Thursday, August 04, 2016

Aprender para quê?

Nos últimos dez anos venho passando por uma série de despertares. Primeiro eu comecei a me incomodar com o lixo, comecei a enxergar que a quantidade de lixo nas ruas, casas e comércios não caberiam nas cidades, que tudo aquilo vai para um lixão onde vai ficar eternamente. Depois eu despertei para a questão da alimentação, fui vegetariana por anos, participei de feiras agroecológicas, plantei algumas hortas e até hoje busco plantar o máximo que posso, evito carne e prefiro produtos naturais e orgânicos, na medida do possível, pois são muito caros. Despertei também a respeito da minha paixão por trabalhar com crianças e Educação.  

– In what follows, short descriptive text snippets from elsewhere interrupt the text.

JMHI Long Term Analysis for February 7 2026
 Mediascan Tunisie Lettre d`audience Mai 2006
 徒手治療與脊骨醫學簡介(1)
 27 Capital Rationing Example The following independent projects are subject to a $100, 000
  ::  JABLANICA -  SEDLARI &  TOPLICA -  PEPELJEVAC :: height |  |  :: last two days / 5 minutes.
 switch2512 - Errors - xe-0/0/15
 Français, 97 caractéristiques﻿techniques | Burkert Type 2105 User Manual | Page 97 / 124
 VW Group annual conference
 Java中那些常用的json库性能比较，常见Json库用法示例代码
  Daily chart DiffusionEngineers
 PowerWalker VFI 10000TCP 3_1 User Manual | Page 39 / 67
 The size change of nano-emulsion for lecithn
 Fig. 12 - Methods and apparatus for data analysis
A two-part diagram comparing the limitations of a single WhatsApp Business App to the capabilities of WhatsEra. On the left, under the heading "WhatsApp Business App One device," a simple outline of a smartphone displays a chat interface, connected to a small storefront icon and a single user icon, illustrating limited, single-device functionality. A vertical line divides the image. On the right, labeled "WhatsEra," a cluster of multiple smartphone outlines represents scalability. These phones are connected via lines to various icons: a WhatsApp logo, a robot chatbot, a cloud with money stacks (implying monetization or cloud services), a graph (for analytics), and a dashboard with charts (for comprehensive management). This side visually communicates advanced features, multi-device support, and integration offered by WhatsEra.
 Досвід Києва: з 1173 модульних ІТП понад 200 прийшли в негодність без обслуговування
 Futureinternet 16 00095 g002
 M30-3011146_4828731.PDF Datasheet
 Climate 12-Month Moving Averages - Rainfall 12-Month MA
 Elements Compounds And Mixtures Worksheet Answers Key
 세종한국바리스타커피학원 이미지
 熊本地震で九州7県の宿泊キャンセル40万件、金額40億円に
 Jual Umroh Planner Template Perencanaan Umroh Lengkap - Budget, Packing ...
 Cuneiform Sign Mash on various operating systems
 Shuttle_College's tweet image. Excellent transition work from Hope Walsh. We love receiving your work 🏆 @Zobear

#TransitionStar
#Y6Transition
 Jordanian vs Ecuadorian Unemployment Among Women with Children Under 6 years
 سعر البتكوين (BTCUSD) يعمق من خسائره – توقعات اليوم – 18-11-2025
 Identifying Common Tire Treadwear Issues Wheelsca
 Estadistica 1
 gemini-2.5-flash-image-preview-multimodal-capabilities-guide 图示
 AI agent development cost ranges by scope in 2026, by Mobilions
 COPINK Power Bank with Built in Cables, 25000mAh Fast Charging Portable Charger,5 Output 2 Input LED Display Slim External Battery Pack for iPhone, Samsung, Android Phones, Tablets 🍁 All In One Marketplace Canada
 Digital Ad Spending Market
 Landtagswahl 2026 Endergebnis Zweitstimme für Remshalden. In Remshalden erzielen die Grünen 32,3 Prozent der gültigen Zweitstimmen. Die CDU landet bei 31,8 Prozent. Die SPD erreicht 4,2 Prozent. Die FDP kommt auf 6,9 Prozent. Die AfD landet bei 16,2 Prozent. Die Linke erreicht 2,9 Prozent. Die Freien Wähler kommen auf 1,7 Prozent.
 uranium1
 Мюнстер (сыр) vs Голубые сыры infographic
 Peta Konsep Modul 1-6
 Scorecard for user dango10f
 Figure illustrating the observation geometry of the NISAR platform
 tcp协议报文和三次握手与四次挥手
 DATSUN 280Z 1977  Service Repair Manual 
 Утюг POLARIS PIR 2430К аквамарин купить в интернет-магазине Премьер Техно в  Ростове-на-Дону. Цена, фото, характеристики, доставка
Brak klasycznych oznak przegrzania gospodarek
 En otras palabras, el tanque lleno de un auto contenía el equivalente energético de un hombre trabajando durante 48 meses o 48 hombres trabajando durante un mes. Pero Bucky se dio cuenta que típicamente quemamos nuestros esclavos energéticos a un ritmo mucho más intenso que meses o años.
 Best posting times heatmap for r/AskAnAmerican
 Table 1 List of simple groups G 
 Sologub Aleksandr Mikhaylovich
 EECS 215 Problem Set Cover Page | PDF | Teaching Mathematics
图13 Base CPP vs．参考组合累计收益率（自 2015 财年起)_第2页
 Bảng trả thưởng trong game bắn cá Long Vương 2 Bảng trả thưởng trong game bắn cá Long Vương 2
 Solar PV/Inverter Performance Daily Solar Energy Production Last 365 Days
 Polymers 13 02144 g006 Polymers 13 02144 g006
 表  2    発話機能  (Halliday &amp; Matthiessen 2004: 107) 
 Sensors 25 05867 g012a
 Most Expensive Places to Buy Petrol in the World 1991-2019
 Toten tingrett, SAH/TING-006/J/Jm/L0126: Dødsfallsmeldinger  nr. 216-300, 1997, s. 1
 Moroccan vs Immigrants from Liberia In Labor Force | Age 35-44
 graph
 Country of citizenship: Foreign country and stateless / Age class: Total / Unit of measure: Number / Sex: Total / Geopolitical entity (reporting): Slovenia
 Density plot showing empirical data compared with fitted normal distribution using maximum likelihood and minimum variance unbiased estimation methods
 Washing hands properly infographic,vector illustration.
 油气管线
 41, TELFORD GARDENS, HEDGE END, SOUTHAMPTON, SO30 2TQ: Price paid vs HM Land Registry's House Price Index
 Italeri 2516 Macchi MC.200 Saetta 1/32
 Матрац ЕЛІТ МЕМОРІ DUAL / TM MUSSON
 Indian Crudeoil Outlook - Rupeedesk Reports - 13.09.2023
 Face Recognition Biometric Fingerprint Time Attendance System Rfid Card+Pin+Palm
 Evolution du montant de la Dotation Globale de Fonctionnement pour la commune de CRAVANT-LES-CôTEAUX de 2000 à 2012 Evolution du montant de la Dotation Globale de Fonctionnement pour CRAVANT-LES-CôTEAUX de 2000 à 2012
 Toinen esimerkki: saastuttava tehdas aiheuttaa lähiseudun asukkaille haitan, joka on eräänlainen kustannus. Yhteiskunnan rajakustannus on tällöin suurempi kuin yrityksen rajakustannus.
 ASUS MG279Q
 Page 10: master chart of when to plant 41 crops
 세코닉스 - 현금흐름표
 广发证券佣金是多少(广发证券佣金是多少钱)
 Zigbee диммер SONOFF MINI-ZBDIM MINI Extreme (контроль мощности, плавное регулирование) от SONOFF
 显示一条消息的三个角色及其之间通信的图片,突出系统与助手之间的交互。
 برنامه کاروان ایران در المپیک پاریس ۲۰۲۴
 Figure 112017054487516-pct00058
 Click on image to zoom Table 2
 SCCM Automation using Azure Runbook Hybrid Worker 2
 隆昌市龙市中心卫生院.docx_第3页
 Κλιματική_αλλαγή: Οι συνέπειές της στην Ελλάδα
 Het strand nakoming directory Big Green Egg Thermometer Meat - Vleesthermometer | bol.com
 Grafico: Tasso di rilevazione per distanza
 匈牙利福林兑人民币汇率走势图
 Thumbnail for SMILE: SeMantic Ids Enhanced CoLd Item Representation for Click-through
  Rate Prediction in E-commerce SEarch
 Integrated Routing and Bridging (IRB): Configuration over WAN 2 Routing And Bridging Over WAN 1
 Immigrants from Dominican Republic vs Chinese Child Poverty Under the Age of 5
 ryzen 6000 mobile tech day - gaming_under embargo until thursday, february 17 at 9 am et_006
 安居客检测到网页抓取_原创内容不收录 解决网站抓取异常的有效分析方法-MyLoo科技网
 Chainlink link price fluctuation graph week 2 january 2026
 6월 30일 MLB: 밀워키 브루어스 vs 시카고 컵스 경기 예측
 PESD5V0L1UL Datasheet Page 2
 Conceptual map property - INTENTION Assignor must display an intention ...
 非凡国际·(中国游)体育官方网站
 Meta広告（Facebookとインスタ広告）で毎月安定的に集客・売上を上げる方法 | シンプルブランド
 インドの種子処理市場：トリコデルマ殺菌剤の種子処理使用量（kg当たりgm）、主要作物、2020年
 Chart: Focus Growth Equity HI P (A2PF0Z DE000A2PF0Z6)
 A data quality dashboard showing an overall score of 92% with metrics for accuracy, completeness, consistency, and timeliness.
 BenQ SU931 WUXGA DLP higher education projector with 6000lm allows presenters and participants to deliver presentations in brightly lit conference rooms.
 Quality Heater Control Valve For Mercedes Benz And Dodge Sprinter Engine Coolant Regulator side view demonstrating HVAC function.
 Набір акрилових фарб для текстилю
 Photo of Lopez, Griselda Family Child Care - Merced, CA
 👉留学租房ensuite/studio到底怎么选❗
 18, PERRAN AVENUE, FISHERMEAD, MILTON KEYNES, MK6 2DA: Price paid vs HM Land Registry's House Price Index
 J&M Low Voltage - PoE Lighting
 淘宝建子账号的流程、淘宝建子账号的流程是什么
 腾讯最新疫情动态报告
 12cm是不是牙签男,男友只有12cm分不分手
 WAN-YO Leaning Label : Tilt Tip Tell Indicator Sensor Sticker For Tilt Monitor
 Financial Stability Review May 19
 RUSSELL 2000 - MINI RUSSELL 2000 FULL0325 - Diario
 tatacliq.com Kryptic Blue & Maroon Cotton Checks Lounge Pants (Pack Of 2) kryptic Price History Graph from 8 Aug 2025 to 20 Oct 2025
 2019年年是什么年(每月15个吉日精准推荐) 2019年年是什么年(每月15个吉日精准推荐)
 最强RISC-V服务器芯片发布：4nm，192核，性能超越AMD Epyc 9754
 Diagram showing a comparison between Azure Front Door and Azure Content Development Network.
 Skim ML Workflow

Nessa série de insights eu me vali de várias teorias, filosofias, pesquisas, conversas com amigos, reflexões e, sobretudo, da constante experiência de conhecer projetos, trabalhar, pesquisar, viver, como um ciclo constante que retroalimenta o ser, faz agir e pensar. A experiência prática é onde busco conexões entre as várias sabedorias, porém vejo que a presença é um alinhamento com o ser sensível e instintivo com o nosso ser cultural e transcendental. Aprendi que tudo é um momento vivo, o agora é a constante troca do nosso organismo com o ambiente.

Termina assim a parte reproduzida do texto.